Des cités point trop grandes, pénétrées des influences de leur mer ou de leurs collines et de leurs oliviers, où l’homme, tout enveloppé par la nature, tenu et soutenu par les plus fortes idées collectives, animé d’une foi religieuse et d’une foi civique, cultivé, affiné par des disciplines anciennes, est capable de l’art profond, essentiel, qui puise à la nature, pour en styliser, ordonner à sa fantaisie les images, en couvrir les monumens que l’effort et la volonté de tous élèvent à la gloire de la religion et de la patrie. En de telles cités, les âmes comme les corps atteignent des formes parfaites, aussi stables que nettes et vigoureuses, — perfections attestées par l’histoire de ces communautés-là, par la constance, l’énergie et l’originalité de leur rêve national, par la grandeur, la fervente et spirituelle beauté de leurs œuvres, — plus directement encore, par tant de peintures et statues religieuses, tant de dalles mortuaires où les figures que modelèrent les hautes et rigoureuses disciplines de ces époques, s’éternisent en simples, sérieuses et sereines effigies.

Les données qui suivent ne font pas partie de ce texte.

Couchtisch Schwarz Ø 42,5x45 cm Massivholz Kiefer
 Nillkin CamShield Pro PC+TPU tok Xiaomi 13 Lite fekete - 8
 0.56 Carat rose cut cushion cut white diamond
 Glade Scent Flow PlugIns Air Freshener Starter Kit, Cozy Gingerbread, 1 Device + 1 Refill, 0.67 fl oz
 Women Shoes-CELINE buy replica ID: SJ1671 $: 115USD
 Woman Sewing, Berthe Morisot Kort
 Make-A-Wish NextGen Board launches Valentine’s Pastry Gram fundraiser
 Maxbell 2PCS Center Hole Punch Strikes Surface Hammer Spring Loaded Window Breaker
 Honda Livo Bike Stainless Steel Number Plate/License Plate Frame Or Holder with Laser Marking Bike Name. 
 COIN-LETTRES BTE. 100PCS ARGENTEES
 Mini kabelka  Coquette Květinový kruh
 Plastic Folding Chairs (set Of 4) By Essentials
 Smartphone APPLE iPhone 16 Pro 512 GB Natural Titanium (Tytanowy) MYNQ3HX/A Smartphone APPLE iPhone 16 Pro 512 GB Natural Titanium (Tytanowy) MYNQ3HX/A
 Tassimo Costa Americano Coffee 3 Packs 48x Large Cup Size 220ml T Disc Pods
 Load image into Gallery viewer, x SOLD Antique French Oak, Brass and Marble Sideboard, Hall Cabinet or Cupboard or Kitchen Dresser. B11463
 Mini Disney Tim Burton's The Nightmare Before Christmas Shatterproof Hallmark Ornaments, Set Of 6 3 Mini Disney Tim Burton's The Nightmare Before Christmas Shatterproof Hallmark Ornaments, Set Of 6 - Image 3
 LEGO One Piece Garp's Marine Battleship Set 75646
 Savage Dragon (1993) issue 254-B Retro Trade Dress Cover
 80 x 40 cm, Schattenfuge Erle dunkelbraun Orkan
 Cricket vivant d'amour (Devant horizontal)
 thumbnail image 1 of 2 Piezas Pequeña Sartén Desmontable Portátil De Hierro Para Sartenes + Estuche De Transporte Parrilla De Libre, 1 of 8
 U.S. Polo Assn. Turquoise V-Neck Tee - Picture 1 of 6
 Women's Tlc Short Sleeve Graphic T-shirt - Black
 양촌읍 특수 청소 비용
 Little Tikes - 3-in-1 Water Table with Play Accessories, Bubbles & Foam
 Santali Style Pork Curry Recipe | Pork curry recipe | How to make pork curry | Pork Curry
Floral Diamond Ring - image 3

Les voici, les figures favorites de Ruskin, celles qu’il invite les modernes à étudier et scruter aux tombeaux des doges et des capitaines de Venise, aux fresques de Giotto et de Simone Memmi, s’ils veulent connaître les types du vouloir intense, de la conscience stricte, du christianisme vivant, de la souveraine beauté ; figures de citoyens, de chevaliers, de moines, de princes et chefs véritables, figures d’un Dandolo, d’un Dante, d’un François d’Assise, d’un saint Louis[1], — celle-ci mince et claire comme une

  1. Par Giotto, à Santa Croce de Florence.